■ Supplied data
+ + +
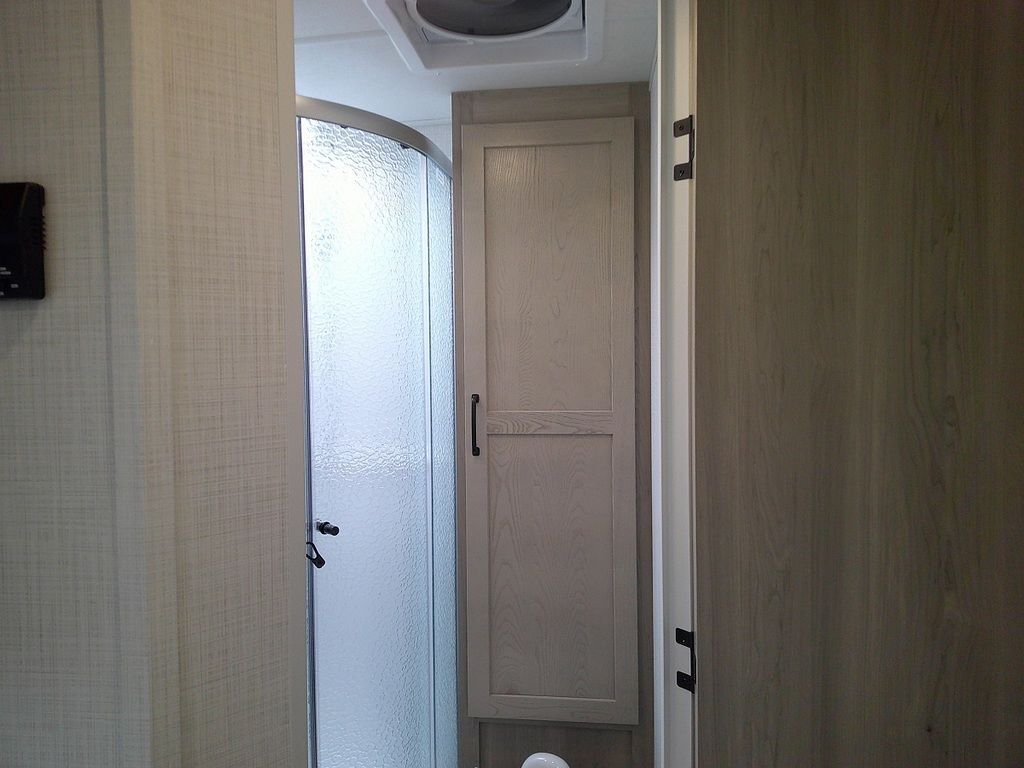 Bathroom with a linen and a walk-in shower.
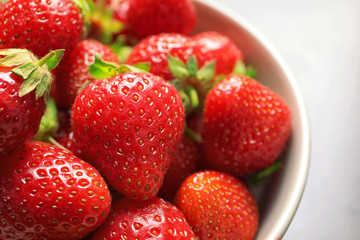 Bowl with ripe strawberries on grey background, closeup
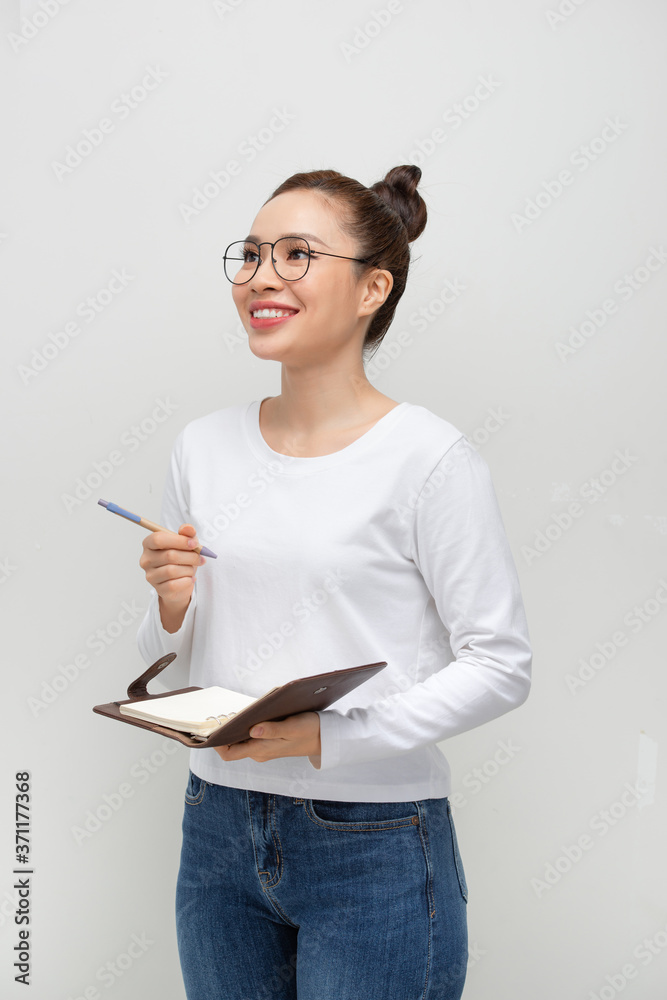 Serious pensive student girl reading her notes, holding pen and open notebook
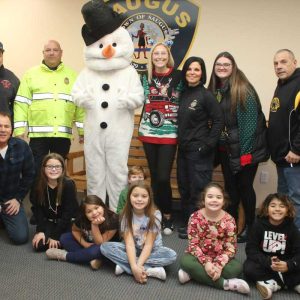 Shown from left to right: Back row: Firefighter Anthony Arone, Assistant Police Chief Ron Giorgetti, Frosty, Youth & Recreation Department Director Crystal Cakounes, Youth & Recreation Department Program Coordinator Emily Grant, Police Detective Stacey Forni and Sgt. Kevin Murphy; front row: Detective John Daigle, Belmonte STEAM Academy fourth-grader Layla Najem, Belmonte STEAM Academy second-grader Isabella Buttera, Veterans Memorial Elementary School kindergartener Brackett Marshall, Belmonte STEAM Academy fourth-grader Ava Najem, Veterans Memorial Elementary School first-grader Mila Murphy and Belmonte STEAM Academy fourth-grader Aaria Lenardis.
+ + +
■ Exercise brief
Write out again exactly the lines from the start of the data above through the line containing "Serious pensive student", inclusive, excluding any pictures.

■ Response area
 Bathroom with a linen and a walk-in shower.
 Bowl with ripe strawberries on grey background, closeup
 Serious pensive student girl reading her notes, holding pen and open notebook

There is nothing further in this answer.